# Javea Schools



## sydneyMum (Apr 23, 2014)

Hi there

I'd like to find out some more information on the international schools in Javea.

I have 2 primary school aged children 5 and 7 and as we will only be in Spain for 12-18mths, I would rather they went to an English speaking school where they will get the opportunity to learn Spanish, rather than throw them in the deep end at a state school/

Has anyone had any direct experience with Lady Elizabeth or XIC ? And if so would you recommend one over the other ?

I read somewhere that Lady Elizabeth is a 45min commute from Javea. As I also have a 1 year old, I definitely don't want to spend 1.5 hrs in a car each day for the school run.

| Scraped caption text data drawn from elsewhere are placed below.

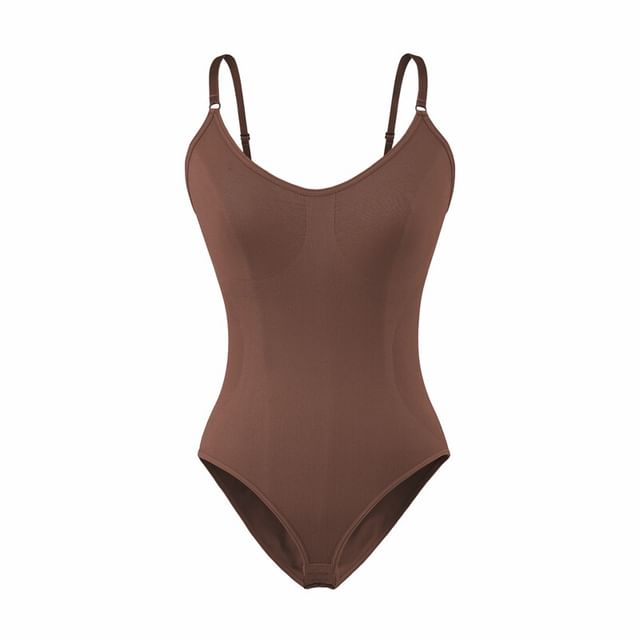 Spaghetti Strap Plain Bodysuit
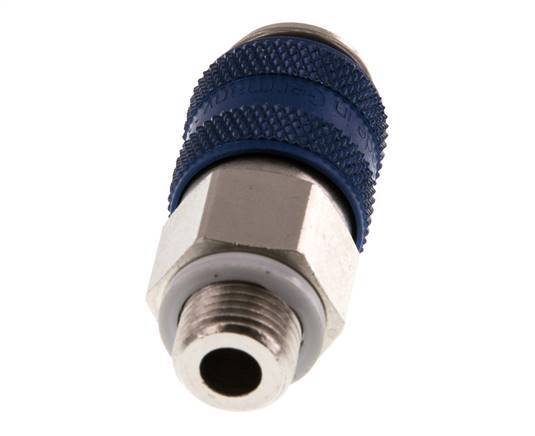 Nickel-plated Brass DN 5 Blue Air Coupling Socket G 1/8 inch Male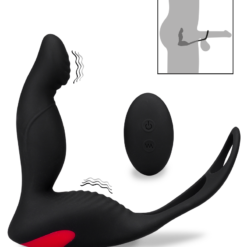 LOVE AND VIBES Stimulateur De Prostate Et Double Cockring Delight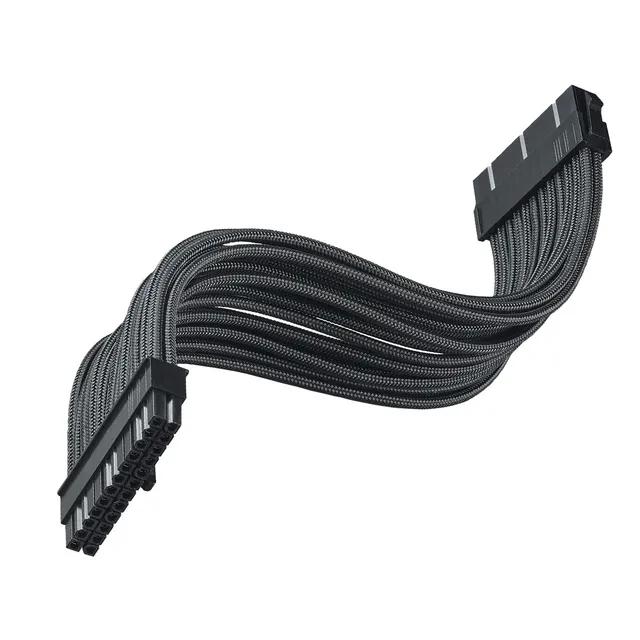 SilverStone PP07E-MBB ATX Kabel 24-Pin schwarz 30cm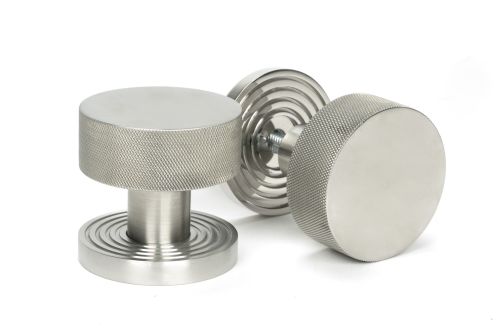 Click Here To Enlarge This Photo Of 46812 From the Anvil Satin Marine SS (316) Brompton Mortice/Rim Knob Set (Beehive)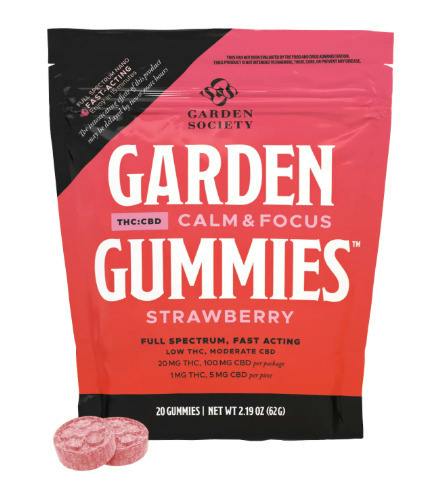GARDEN SOCIETY - Strawberry Gummies THC:CBD 20pk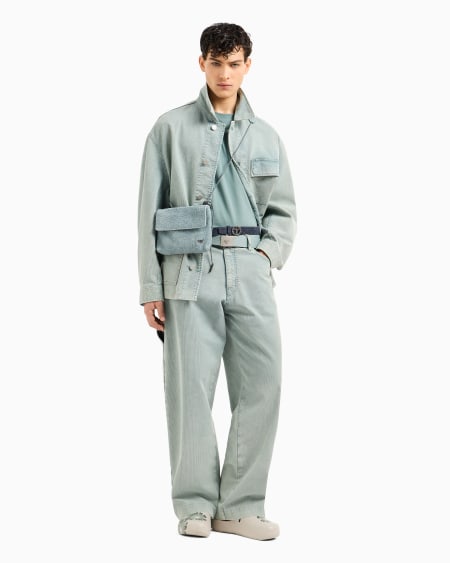 Armani Pantalones Cargo De Canneté Con Efecto Vintage Cápsula Peace ASV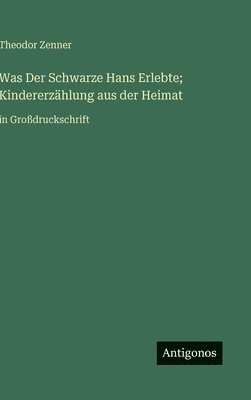 bokomslag Was Der Schwarze Hans Erlebte; Kindererzählung aus der Heimat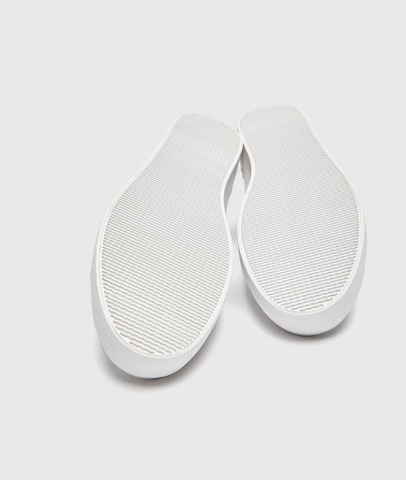 Giày sneaker Pull&Bear chính hãng All white Classic - Trắng Dáng cổ điển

Do people who attend Lady Elizabeth generally live closer to the school and if so, where ?

Thanks in advance for all your help

Cheers


----------



## xabiaxica (Jun 23, 2009)

sydneyMum said:


> Hi there
> 
> I'd like to find out some more information on the international schools in Javea.
> 
> ...


the best thing you can do is arrange to visit them both, and ask that your children be allowed to sit in on a few lessons

although I understand that they have more or less the same level of success at GCSE & A level, that's years away for your children, so pretty much irrelevant, especially if you're not staying long term

I say visit them because they are VERY different in both premises & ethos, parents & children who love one, really don't like the other one little bit

I know teachers & students at both btw

only XIC is actually IN Jávea, but LES is only a few minutes away - students at both come from all over the area


----------



## sydneyMum (Apr 23, 2014)

xabiachica said:


> the best thing you can do is arrange to visit them both, and ask that your children be allowed to sit in on a few lessons
> 
> although I understand that they have more or less the same level of success at GCSE & A level, that's years away for your children, so pretty much irrelevant, especially if you're not staying long term
> 
> ...


Thanks xabiachica for your response.

We are coming from Australia and I don't think we will have the opportunity to see the schools before we enrol the girls unfortunately.

Would you be able to give me some insight into the general likes/dislikes that people have on each school ? I completely understand that these would be generalisations.

Also, if we were living in Javea, how long would it take me to drive and to the school drop off ? My husband read somewhere that it was 45minutes!

Thanks again


----------



## xabiaxica (Jun 23, 2009)

sydneyMum said:


> Thanks xabiachica for your response.
> 
> We are coming from Australia and I don't think we will have the opportunity to see the schools before we enrol the girls unfortunately.
> 
> ...


LES runs a school bus from Jávea, so you could use that - it would depend where in Jávea you lived as to how long the drive would be

the primary XIC is on the Cabo La Nao - it would be possible to walk there if you rented a house nearby, or the drive could be half an hour (or more) if you lived the other end of Jávea!


you wouldn't be able to enrol the girls at either school without a face to face interview afaik, so you'll be able to judge for yourself, anyway


----------



## Campbell Clan (Sep 8, 2013)

sydneyMum said:


> Hi there
> 
> I'd like to find out some more information on the international schools in Javea.
> 
> ...


Hi we are moving to Javea in November and have recently been to visit the rainbow school near the port area of Javea so roughly a 5 min drive / 20 min walk from where we will be living in the arenal area of javea. We have two girls aged 5 & 18 months and we have signed them up for this school as it is definitely geared towards younger children, class sizes are small 10-15 pupils max and half the day is in english the other half in spanish so will be excellent for integrating the kids prior to evaluating the state school system. On another note the fees were extremely competitive and the owners are a young dutch couple with excellent ideas on active/ fun learning if i where you i would check out there website . . . Rainbow School is the international primary school . . .

all the best with your move


----------